Prompt: From the entries below, give the number of lines where the word "sold" occurs, and nothing else.

■ ■ ■ ■ ■

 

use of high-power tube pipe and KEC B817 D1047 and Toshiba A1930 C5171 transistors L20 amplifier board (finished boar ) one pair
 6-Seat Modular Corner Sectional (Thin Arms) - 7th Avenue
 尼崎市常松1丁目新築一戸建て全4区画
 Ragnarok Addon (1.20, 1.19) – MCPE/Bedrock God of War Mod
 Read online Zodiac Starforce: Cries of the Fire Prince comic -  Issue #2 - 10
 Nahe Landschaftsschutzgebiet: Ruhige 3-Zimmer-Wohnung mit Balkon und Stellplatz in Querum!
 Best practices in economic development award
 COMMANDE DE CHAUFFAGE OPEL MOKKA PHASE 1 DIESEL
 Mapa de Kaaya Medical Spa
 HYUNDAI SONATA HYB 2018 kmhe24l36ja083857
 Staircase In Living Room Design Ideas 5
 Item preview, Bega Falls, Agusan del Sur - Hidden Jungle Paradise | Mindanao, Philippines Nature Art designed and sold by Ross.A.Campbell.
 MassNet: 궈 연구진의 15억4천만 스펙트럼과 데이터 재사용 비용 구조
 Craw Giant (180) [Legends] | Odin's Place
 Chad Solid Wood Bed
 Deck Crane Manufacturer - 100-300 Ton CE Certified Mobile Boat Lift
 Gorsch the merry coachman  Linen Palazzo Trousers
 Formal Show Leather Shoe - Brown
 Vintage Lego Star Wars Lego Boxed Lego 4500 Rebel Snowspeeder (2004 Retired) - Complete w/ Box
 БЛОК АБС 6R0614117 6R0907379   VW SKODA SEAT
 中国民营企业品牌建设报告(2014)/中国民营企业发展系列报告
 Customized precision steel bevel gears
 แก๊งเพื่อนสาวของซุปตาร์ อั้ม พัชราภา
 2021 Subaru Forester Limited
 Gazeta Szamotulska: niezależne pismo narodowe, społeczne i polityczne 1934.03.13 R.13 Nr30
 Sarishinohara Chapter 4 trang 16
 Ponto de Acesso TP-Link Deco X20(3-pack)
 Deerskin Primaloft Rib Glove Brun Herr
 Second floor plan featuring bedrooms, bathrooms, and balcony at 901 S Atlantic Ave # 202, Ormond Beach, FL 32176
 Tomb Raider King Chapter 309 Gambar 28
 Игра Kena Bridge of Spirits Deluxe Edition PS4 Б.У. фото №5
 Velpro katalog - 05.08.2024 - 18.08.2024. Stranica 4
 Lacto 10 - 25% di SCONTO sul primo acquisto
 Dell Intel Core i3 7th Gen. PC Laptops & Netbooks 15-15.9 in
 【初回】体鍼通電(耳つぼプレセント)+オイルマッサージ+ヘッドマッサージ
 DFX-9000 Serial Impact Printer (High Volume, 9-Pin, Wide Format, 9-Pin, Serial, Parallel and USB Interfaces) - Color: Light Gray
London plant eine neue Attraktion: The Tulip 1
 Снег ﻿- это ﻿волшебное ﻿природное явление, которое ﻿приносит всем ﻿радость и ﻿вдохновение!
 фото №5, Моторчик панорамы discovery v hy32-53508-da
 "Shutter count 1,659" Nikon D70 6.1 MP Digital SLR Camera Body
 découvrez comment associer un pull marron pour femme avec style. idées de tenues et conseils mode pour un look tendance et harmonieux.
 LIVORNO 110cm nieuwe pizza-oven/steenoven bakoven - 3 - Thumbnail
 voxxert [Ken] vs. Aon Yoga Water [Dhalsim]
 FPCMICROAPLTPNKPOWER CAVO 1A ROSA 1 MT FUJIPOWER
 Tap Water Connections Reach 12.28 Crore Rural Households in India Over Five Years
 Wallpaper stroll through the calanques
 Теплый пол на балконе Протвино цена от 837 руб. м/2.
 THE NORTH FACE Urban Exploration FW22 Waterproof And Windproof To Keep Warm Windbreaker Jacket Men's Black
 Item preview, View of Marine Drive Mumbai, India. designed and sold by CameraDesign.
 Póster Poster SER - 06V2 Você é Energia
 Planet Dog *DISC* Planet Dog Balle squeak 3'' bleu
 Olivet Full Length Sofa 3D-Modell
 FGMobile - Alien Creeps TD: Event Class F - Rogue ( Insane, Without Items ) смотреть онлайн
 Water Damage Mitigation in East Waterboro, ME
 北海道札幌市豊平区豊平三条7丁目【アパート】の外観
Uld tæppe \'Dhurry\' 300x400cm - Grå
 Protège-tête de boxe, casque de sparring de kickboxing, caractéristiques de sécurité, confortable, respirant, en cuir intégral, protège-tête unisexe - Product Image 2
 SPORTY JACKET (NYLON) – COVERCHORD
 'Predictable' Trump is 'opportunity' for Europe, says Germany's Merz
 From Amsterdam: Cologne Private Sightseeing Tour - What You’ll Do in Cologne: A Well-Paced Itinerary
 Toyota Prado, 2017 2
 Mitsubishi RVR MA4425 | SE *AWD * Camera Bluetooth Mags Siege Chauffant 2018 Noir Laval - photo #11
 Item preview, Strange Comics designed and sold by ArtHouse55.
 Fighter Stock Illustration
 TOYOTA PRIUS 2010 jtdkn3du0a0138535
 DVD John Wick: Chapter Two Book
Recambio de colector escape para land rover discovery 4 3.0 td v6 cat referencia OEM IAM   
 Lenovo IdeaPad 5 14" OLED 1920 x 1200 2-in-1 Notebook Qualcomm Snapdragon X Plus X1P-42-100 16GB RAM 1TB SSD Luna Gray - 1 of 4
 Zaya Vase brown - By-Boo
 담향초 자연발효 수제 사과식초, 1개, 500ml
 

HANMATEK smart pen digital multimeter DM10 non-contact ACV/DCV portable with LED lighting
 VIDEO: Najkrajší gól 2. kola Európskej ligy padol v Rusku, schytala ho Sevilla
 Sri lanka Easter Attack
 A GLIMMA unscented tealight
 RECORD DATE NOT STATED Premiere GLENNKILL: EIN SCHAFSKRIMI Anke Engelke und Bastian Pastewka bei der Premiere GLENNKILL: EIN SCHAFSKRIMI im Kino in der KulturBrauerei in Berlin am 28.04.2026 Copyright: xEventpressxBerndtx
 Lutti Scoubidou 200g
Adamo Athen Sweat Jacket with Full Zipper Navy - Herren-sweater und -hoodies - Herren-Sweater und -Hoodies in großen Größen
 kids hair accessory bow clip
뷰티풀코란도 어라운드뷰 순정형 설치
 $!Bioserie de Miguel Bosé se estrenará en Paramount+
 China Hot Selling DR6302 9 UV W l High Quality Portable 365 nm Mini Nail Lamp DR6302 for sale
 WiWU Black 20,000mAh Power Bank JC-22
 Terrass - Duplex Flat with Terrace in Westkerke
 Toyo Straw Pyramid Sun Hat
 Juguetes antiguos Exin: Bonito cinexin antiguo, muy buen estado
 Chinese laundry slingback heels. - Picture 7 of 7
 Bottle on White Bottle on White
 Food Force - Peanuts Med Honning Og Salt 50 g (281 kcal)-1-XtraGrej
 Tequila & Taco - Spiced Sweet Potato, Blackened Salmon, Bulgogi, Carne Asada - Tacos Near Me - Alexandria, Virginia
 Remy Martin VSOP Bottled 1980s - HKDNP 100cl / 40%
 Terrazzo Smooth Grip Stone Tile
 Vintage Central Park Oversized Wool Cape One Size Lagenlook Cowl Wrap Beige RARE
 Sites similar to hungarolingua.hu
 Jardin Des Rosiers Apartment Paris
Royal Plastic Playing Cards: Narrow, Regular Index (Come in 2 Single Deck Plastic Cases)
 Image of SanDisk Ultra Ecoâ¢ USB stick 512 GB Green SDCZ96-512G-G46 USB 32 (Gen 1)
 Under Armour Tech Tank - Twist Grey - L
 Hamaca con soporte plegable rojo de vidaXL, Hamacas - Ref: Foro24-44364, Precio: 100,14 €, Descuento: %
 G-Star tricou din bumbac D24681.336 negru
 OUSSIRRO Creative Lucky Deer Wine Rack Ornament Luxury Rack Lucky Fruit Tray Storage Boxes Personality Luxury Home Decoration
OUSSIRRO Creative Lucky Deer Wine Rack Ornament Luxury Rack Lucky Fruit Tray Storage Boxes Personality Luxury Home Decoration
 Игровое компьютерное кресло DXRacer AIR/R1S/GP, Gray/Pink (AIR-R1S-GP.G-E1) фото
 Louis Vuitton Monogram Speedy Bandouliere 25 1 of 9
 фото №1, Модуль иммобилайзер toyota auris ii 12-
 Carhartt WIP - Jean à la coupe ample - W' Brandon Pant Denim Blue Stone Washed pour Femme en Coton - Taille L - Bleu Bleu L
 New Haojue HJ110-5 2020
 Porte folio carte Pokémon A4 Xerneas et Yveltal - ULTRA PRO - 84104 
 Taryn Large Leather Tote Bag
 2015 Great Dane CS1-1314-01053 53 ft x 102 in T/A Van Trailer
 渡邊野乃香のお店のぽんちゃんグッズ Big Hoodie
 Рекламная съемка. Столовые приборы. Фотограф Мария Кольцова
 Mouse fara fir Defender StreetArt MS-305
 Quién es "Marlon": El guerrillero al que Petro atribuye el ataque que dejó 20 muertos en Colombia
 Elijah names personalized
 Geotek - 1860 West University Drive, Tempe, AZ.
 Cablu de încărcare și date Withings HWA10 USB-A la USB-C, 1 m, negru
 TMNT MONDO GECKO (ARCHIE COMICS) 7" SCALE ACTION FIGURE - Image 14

■ ■ ■ ■ ■

Written answer: 3